* _Problem to solve_: Return the material below exactly, but only from the line with "e.l.f. SKIN Thirst" through the line with "Emerald Glutinous Jade", and without its pictures.

* _Material provided_:
============================================================

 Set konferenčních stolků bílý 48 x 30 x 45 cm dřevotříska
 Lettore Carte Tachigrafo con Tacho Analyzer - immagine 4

============================================================

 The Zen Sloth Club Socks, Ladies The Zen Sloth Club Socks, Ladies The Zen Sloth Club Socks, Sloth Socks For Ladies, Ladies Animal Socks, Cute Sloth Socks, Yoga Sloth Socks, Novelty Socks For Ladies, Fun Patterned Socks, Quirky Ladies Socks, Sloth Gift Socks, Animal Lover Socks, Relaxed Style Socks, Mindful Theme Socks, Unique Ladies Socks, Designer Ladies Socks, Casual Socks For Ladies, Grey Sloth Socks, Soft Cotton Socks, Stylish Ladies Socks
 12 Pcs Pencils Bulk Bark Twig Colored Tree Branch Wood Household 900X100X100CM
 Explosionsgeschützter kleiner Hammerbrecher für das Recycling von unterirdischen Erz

============================================================

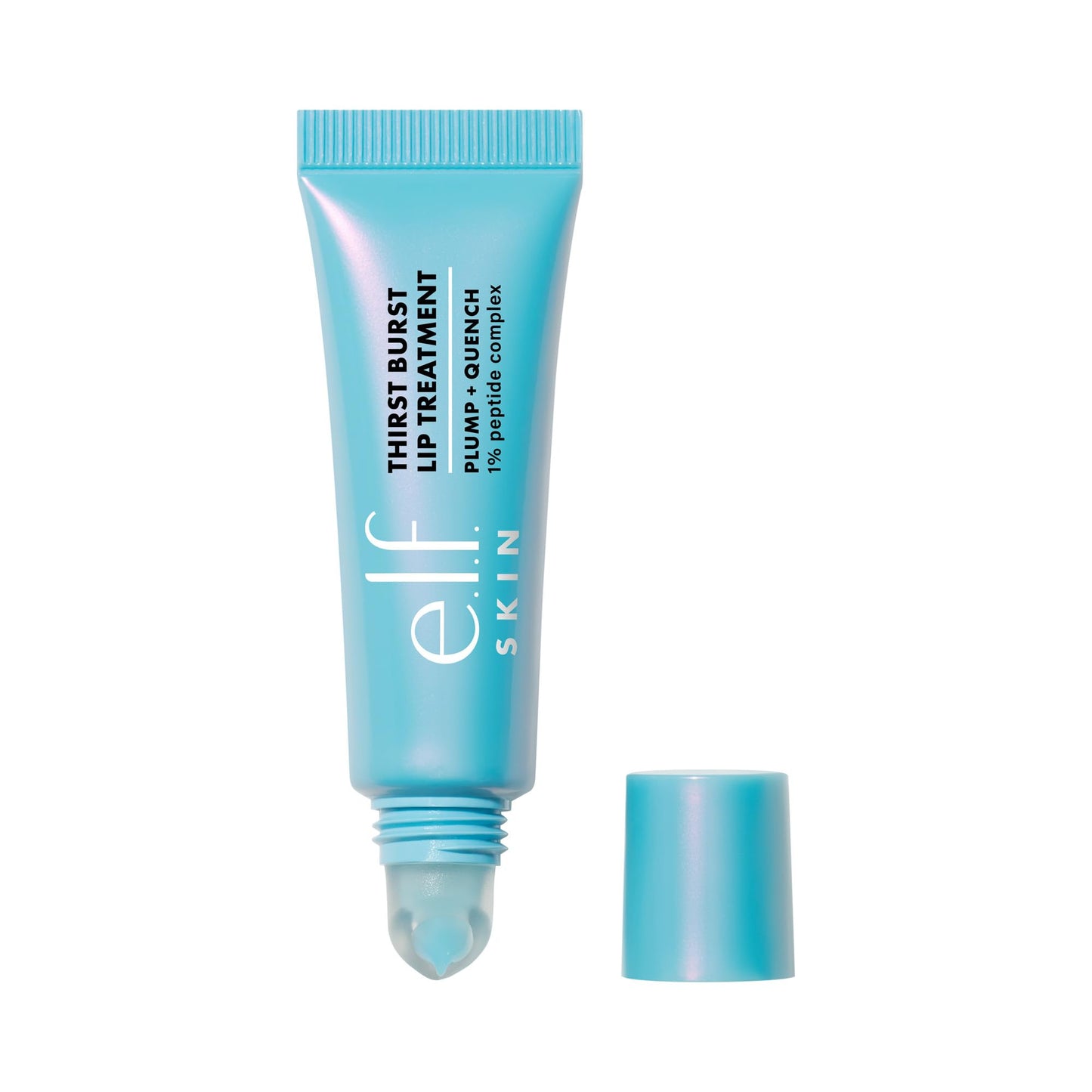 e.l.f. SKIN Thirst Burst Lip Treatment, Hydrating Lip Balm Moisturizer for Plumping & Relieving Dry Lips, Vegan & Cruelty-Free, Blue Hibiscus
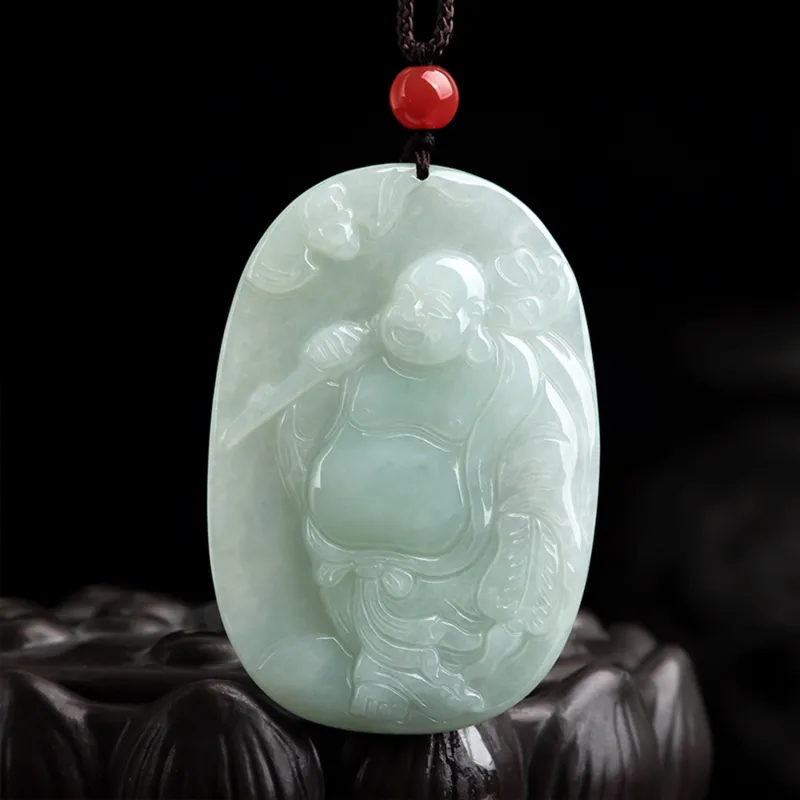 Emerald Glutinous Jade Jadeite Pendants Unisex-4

============================================================

* _Answer space_:
 e.l.f. SKIN Thirst Burst Lip Treatment, Hydrating Lip Balm Moisturizer for Plumping & Relieving Dry Lips, Vegan & Cruelty-Free, Blue Hibiscus
 Emerald Glutinous Jade Jadeite Pendants Unisex-4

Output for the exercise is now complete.